The sharp decline was driven by a technical breakdown from a major demand zone that traders had expected to hold as support, according to analysis from AMBCrypto and TradingView charts. This breach has left the token vulnerable to further declines, with the next significant support area approximately 14% lower. The broader market downturn, which saw the total crypto capitalization fall 1.5% to $2.74 trillion, added to the selling pressure.

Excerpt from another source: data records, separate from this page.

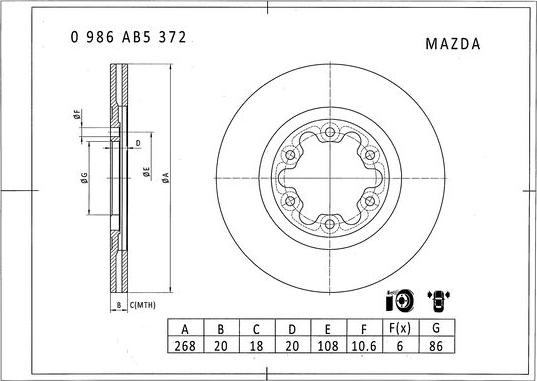 BOSCH 0 986 AB5 372 - Спирачен диск vvparts.bg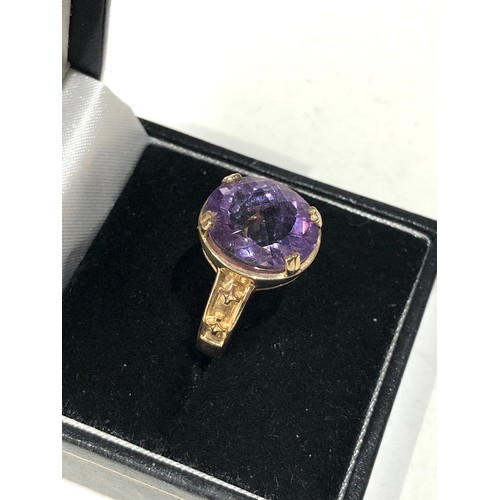 72 - 9ct gold amethyst dress ring weight 5.8g  size N-O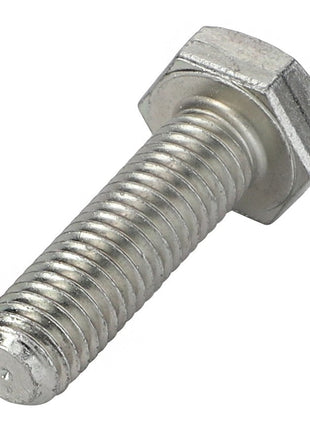 A close-up image of the AGCO HEXAGONAL HEAD BOLT - D40407000, featuring a silver metallic bolt with a hexagonal head and threaded body, positioned at a slight angle against a white background.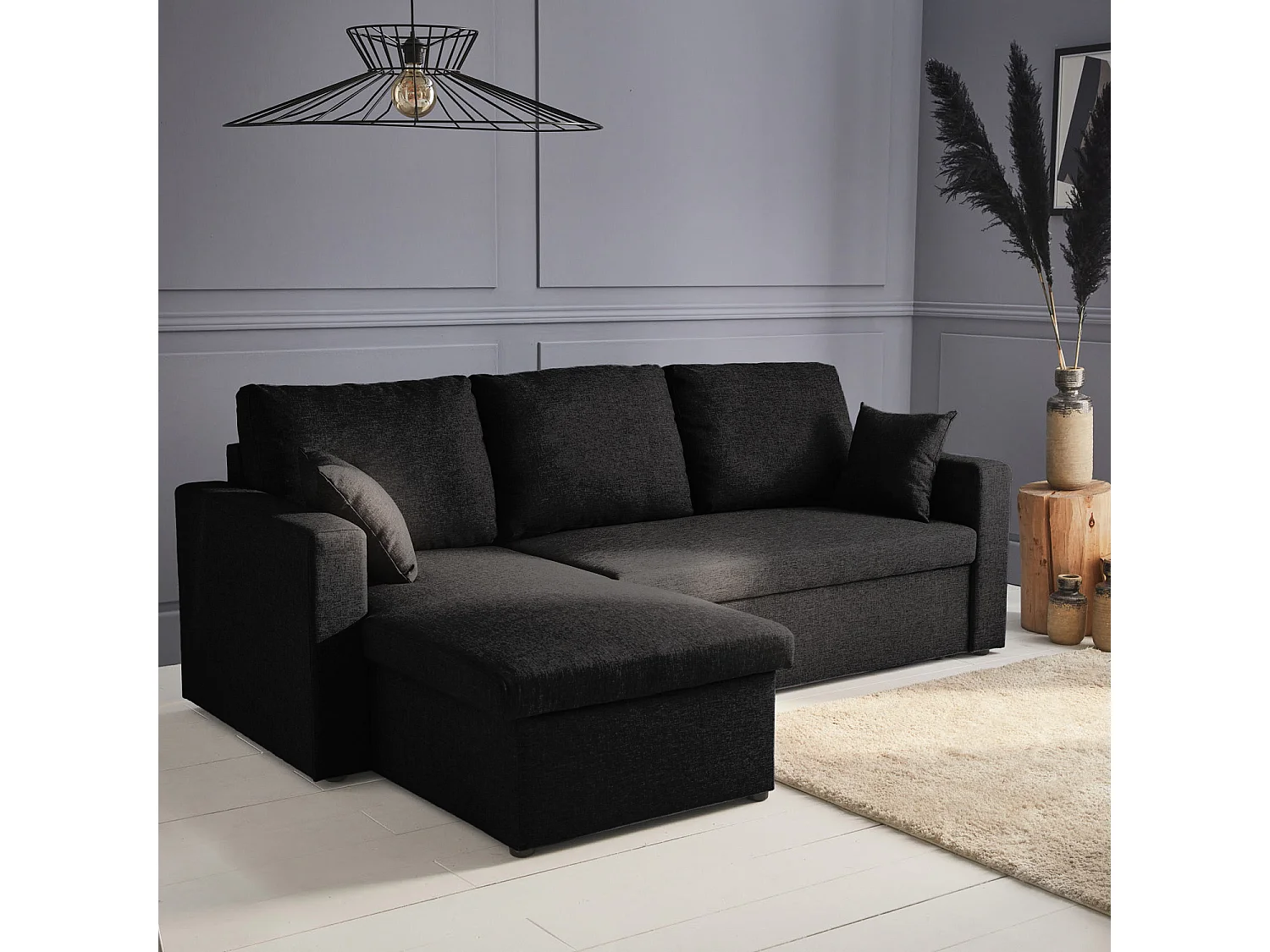 Sofá cama esquinero, 3 plazas negro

Despite the price drop, on-chain indicators suggest that buying interest has not completely evaporated. The Money Flow Index (MFI) fell from 91 to 73. While this indicates a slowdown in capital inflows, a reading above 50 still points to favorable conditions. Furthermore, the Chaikin Money Flow (CMF) remained above zero, showing that buy-side volume still outweighed sell pressure at press time. This resilience comes as the wider market sentiment, measured by the Fear & Greed Index, sits at 34, indicating "Fear."
Data from Coinglass suggests the sharp sell-off may have been a “stop hunt” designed to liquidate leveraged traders. The liquidation heatmap shows multiple clusters of liquidity sitting above the current price. These areas often act as a magnet for price, suggesting the breakdown may have flushed out leveraged long positions before a potential resumption of the uptrend. The move mirrors weakness in majors, with Bitcoin (BTC) and Ethereum (ETH) falling 2.04% and 1.41% respectively in the same 24-hour period.
This article is for informational purposes only and does not constitute investment advice.